J.Jpn. Surg. Soc.. 102(9): 637-641, 2001


Feature topic

A NEW TECHNIQUE TO PRESERVE THE LARYNX IN SURGERY FOR CERVICAL ESOPHAGEAL CARCINOMA AND THE LIMIT OF ITS PRACTICAL APPLICATION

Department of Surgery, National Cancer Center Hospital, Tokyo, Japan

Hoichi Kato

A new technique to preserve the larynx in esophagectomy for cervical esophageal carcinoma is described. The trachea, which prevents exposure of the cervical esophagus, is dissected while maintaining the continuity of the recurrent laryngeal nerve. The tracheal stumps were turned over like a double door, and the esophageal tumor is excised with sufficient margins for suturing. The cervical esophagus is safely replaced with a free jejunum or the stomach followed by tracheal reconnection.
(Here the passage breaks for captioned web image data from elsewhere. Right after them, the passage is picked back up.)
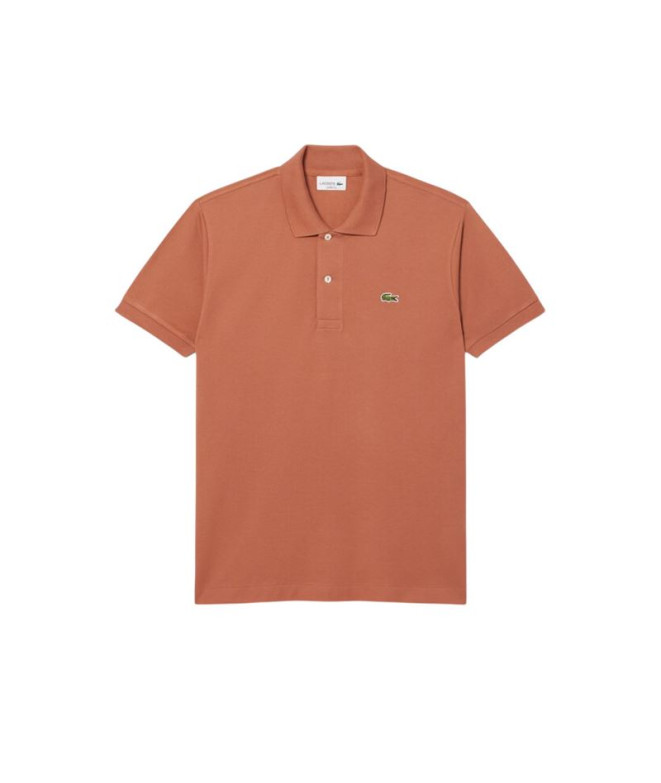 Polo Lacoste Camisa de Gola Listrada de Mangas Curtas Homem Terracota Marrom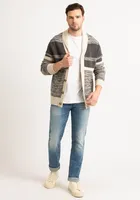 denzel striped shawl collar cardigan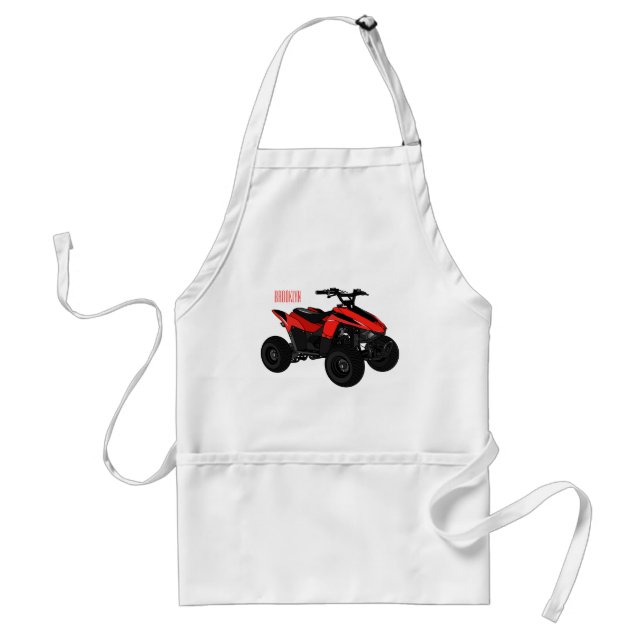 Quad bike atv cartoon illustration  standard apron (Front)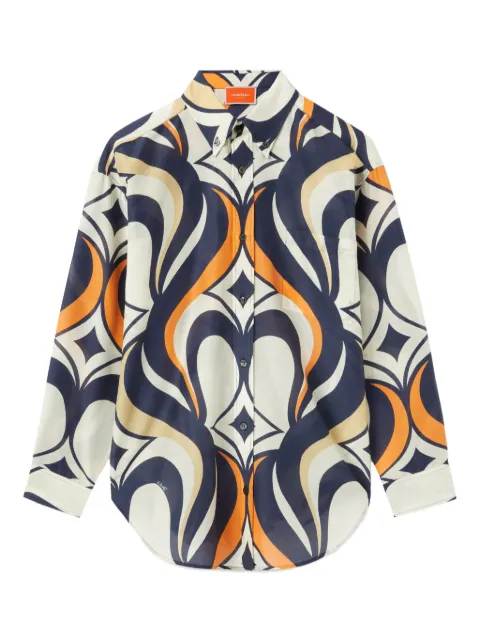 La DoubleJ Better Than Your Boyfriend's abstract-print shirt Blue SHI0133SIL010JIV04WH01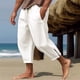 thumbnail image 2 of Pantalones de playa lisos con abertura para hombre: algodón y lino, cintura elástica, informales/vacacionales, tallas S-XXXL, cintura de 74-98 cm, 2 of 8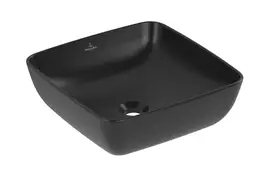 Vonios kambario kriauklė Villeroy & Boch Artis, ant paviršiaus, iš TitanCeram, CeramicPlus, 410x410x130 mm, Pure Black, 417841R7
The technique of tracheal reconnection in the neck is not difficult and is a safe procedure. Anastomotic insufficiency of the trachea may be compensated for with a temporary tracheostomy. This method is applicable in esophagectomy not only with curative but also with palliative intent to offer the patient a better quality of life. Theoretically, this method can be applied even for tumors minimally invading the trachea in which the invaded tracheal segment can be excised in combination with the esophagus, followed by tracheal anastomosis.
Because this technique is a safe and easy procedure, it is recommended in cases in which proximal anastomosis appears difficult.